* WHAT YOU ARE ASKED TO DO
Below is a listing with pictures. Repeat exactly the lines starting at the one holding "cash, Housewife, housewife 46031336" and going on through the one holding "Bild: Viel Betrieb bei Niedersachsen Ports", and leave every picture out.

* DATA LISTING
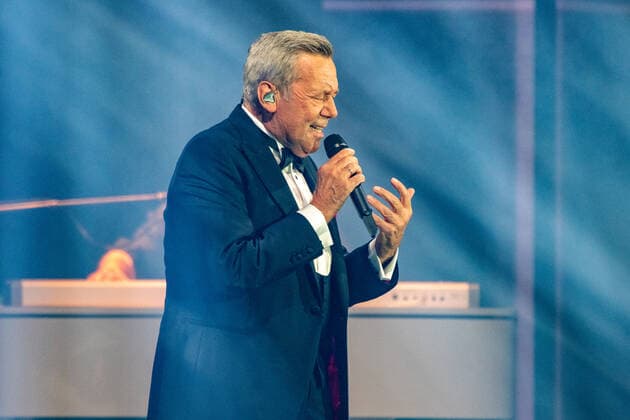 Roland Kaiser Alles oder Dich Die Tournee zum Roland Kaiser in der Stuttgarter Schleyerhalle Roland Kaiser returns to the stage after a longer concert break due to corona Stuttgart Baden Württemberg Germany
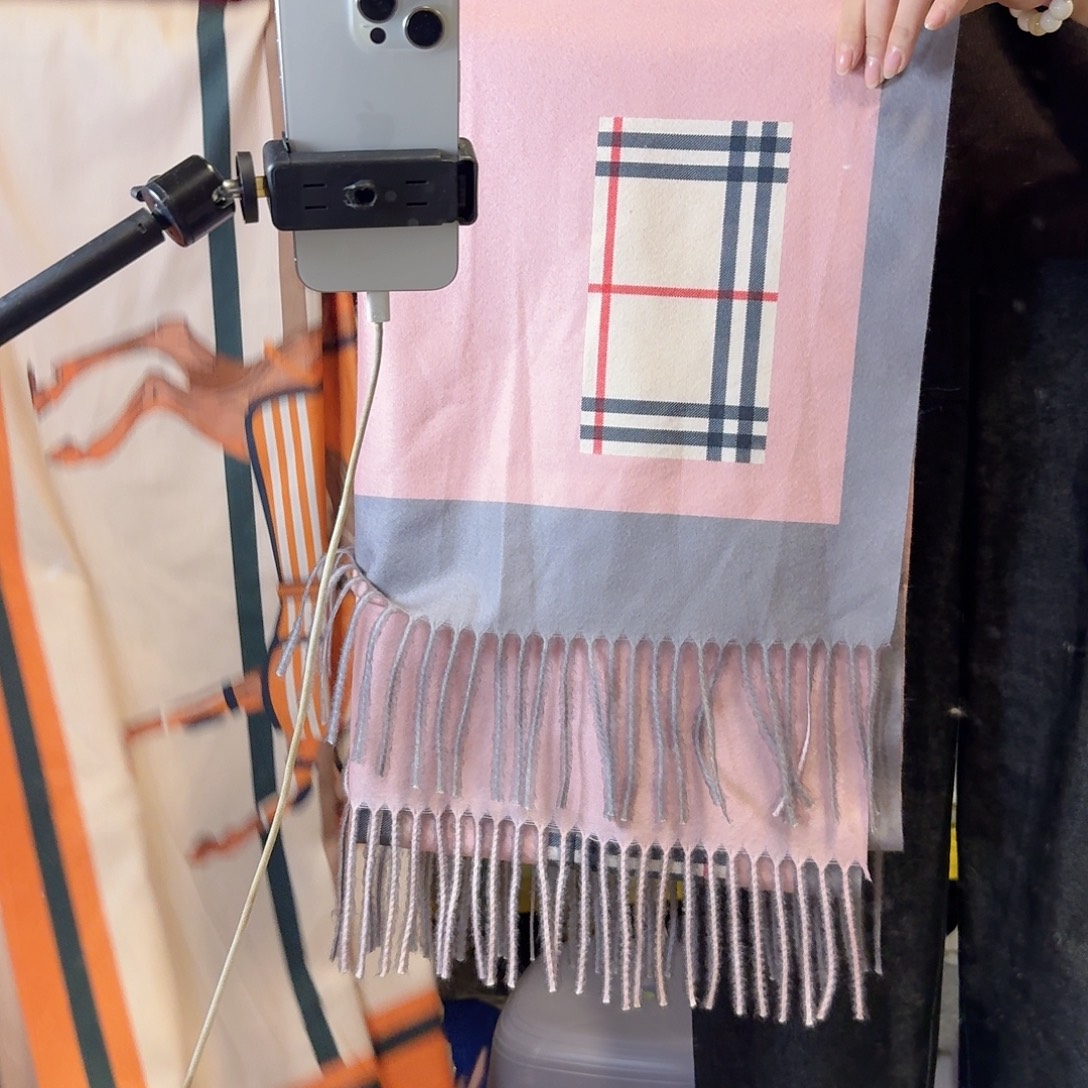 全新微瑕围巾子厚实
---
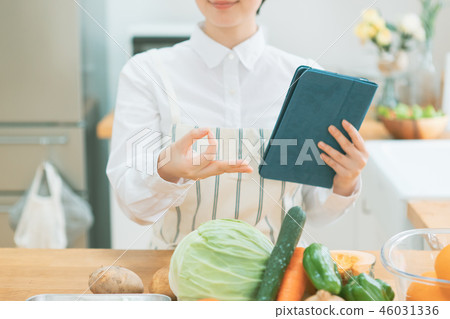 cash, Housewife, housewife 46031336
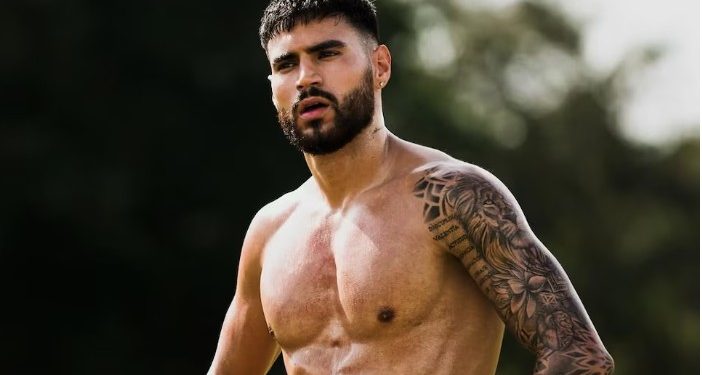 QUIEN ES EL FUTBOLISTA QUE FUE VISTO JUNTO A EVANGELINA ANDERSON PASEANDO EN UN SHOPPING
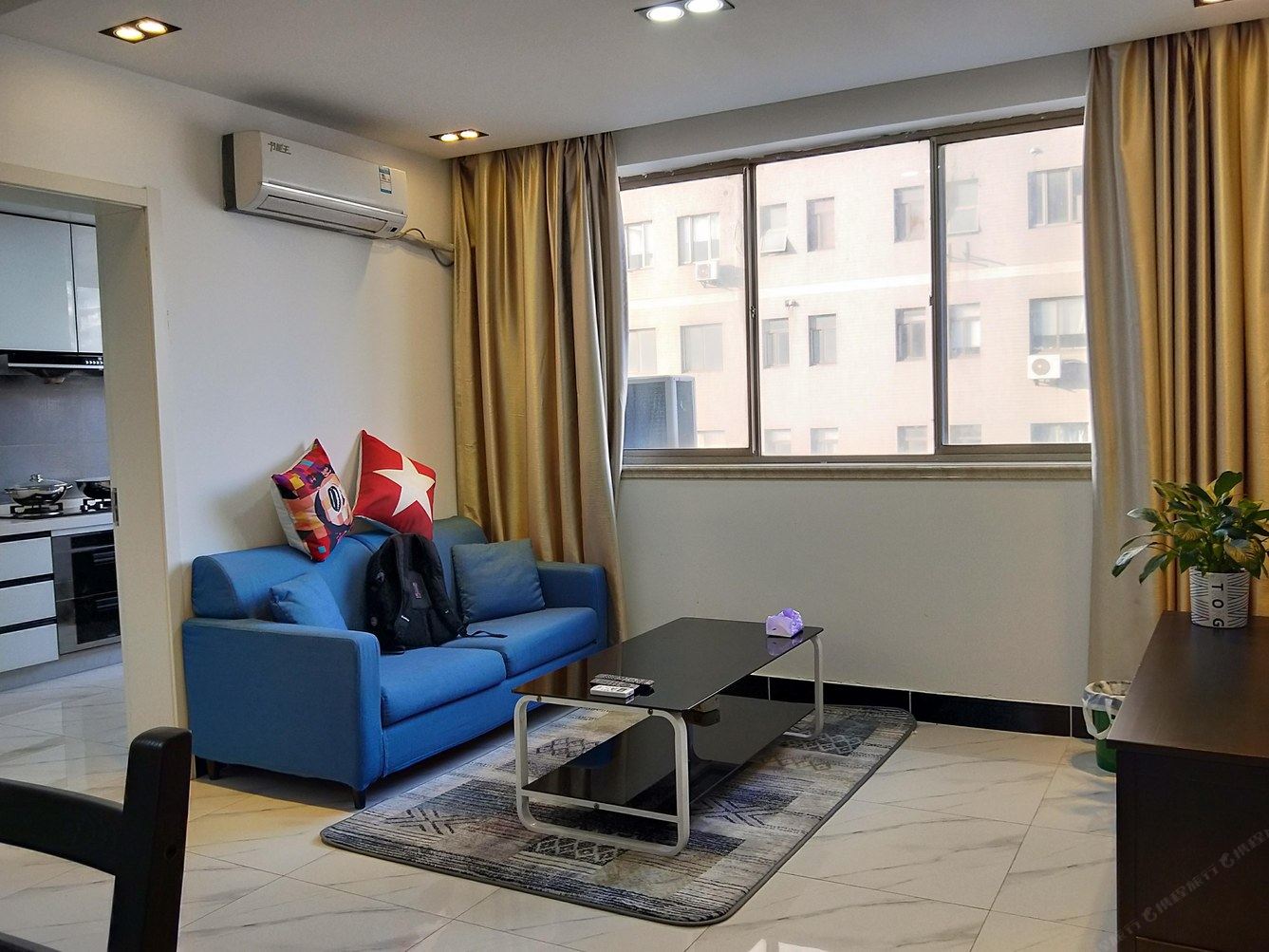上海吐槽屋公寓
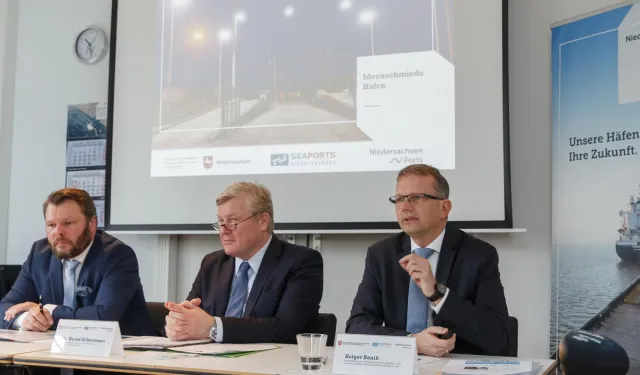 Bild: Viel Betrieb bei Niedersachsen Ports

* TASK RESPONSE
 cash, Housewife, housewife 46031336
 QUIEN ES EL FUTBOLISTA QUE FUE VISTO JUNTO A EVANGELINA ANDERSON PASEANDO EN UN SHOPPING
上海吐槽屋公寓
 Bild: Viel Betrieb bei Niedersachsen Ports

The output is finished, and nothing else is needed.